> Task directions:
Output the entries word for word. Omit images.

--- Supplied records Enclosed Below ---

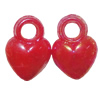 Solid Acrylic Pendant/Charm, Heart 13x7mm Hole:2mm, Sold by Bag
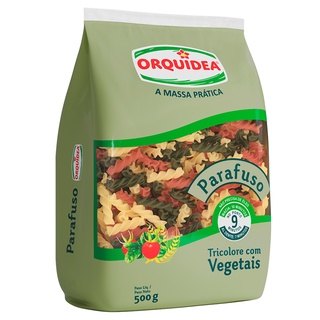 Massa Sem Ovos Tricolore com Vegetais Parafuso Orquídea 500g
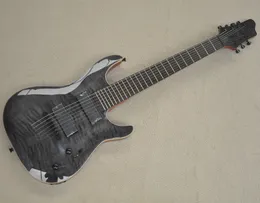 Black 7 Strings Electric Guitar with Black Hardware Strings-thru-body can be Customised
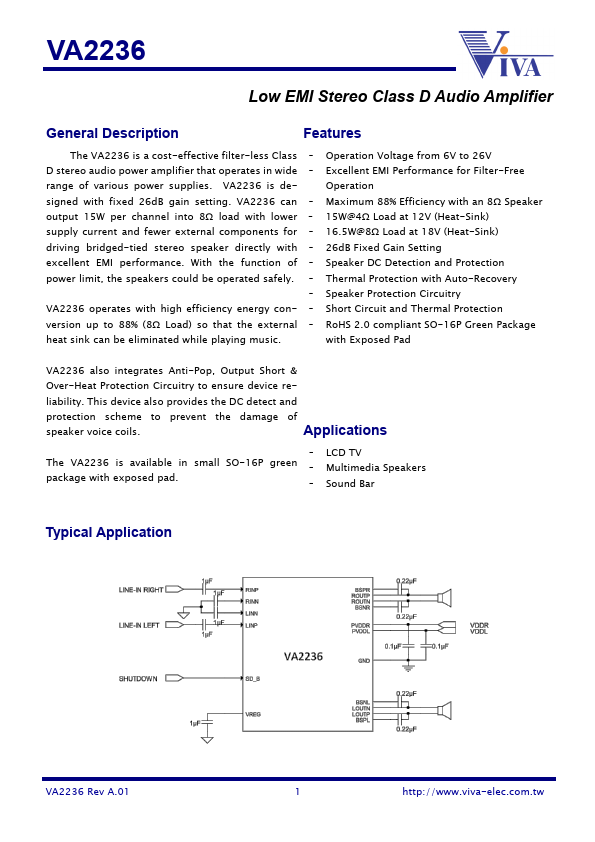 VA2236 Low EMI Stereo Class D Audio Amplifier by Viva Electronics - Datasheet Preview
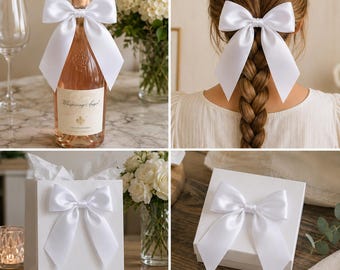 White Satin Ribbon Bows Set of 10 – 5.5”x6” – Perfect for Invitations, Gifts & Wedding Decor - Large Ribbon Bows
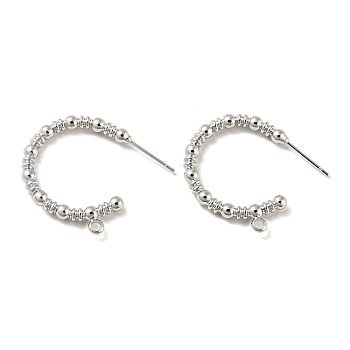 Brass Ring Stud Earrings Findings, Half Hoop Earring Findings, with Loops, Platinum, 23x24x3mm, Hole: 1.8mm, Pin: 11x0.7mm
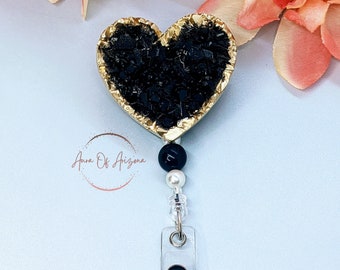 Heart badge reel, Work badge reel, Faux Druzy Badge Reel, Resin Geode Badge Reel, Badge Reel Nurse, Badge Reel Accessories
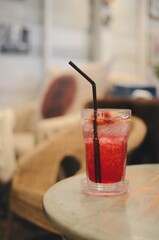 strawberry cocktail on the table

--- End of Enclosed Supplied records ---

> Answer for this exercise:
 Solid Acrylic Pendant/Charm, Heart 13x7mm Hole:2mm, Sold by Bag
 Massa Sem Ovos Tricolore com Vegetais Parafuso Orquídea 500g
 Black 7 Strings Electric Guitar with Black Hardware Strings-thru-body can be Customised
 VA2236 Low EMI Stereo Class D Audio Amplifier by Viva Electronics - Datasheet Preview
 White Satin Ribbon Bows Set of 10 – 5.5”x6” – Perfect for Invitations, Gifts & Wedding Decor - Large Ribbon Bows
 Brass Ring Stud Earrings Findings, Half Hoop Earring Findings, with Loops, Platinum, 23x24x3mm, Hole: 1.8mm, Pin: 11x0.7mm
 Heart badge reel, Work badge reel, Faux Druzy Badge Reel, Resin Geode Badge Reel, Badge Reel Nurse, Badge Reel Accessories
 strawberry cocktail on the table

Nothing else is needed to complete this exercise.